The Monday hearing addresses the issue of the ex-president's arrest, he said.
The trial is open to the public. Robert Kocharyan is present at the court hearing. The ex-president's supporters and relatives greeted him by shouting the word "Freedom!" The ex-president's supporters are holding a protest in front of the court building, demanding his release.
Kocharian's son Levon Kocharian told reporters in court his father was a victim of political persecution.
"I agree with my father that he is being politically persecuted. The charge is not connected with him in any way. I hope the court will make a fair decision," Kocharian said.
On April 30, the Armenian Prosecutor General's Office published a bill of indictment in the case of Kocharyan and several other former high-ranking Armenian officials.

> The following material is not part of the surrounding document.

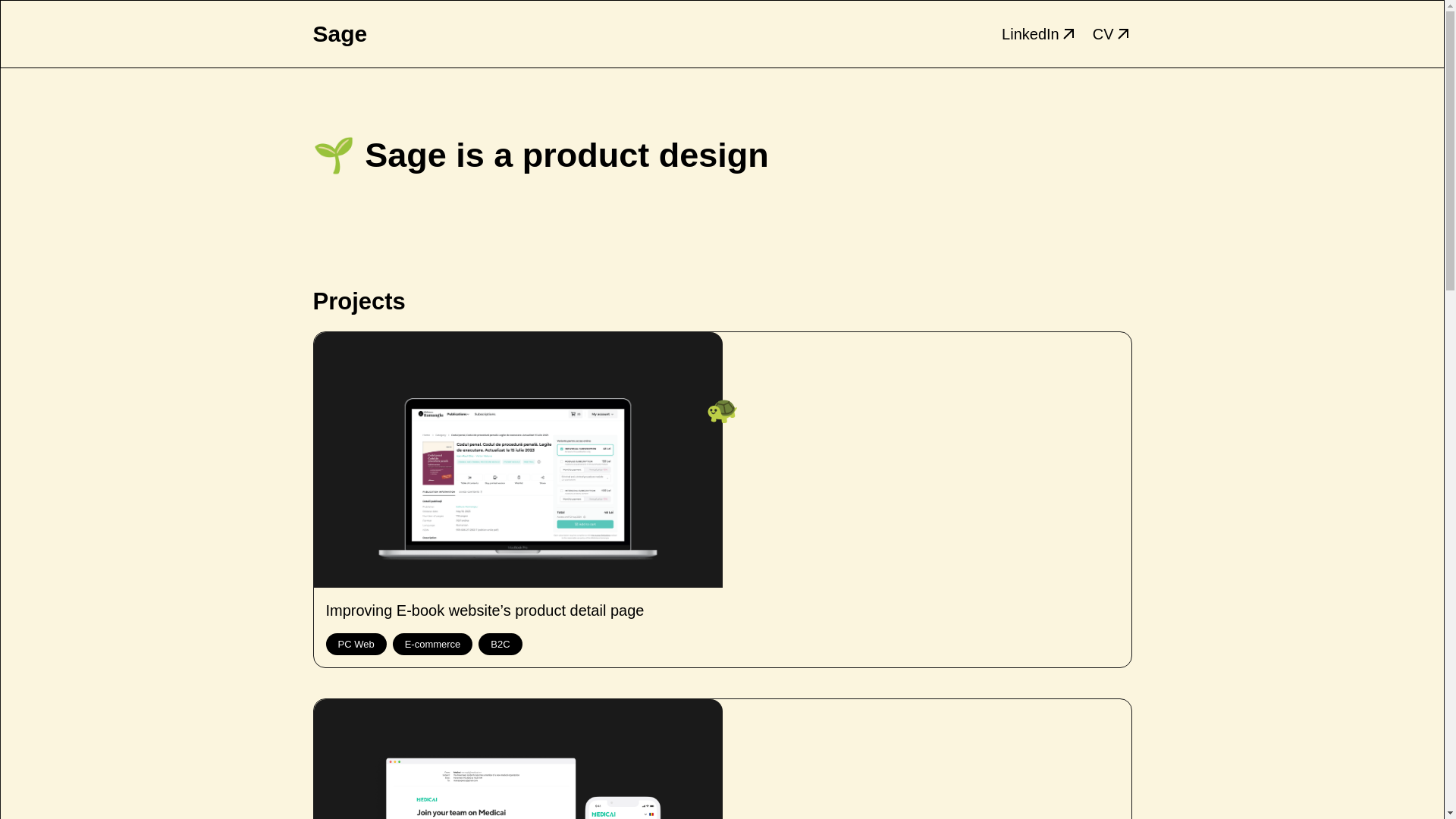 website screenshot of https://sagelee.works/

The Armenian Special Investigation Service said earlier it had completed the preliminary inquiry into the case of events March 2008 in which Kocharyan was charged with overthrowing the constitutional system and taking a large bribe. The case and bill of indictment were referred to court.
Other defendants in the case are former Defense Minister Seyran Ohanyan, former Deputy Defense Minister and CSTO Secretary General Yury Khachaturov, and former Presidential Chief of Staff and Prime Minister Armen Gevorkyan.
The case concerns the events of 2008 when Kocharyan was preparing for handing over power to winning candidate Serzh Sargsyan. Protests were organized by followers of presidential candidate Levon Ter-Petrosyan. Armenian authorities dispersed several-thousand-strong protests on March 1, 2008. Ten people were killed, and more than 250 were injured as a result.
Incumbent Armenian Prime Minister Nikol Pashinyan was a member of Ter-Petrosyan's campaign in 2008. He was wanted following the riots of March 1, 2008, and surrendered to the authorities in 2009. In January 2010, Pashinyan was sentenced to seven years on counts of mass riots. He was amnestied in May 2011. After being elected prime minister in May 2018, Pashinyan said that the March 1 case would inevitably have to be reopened.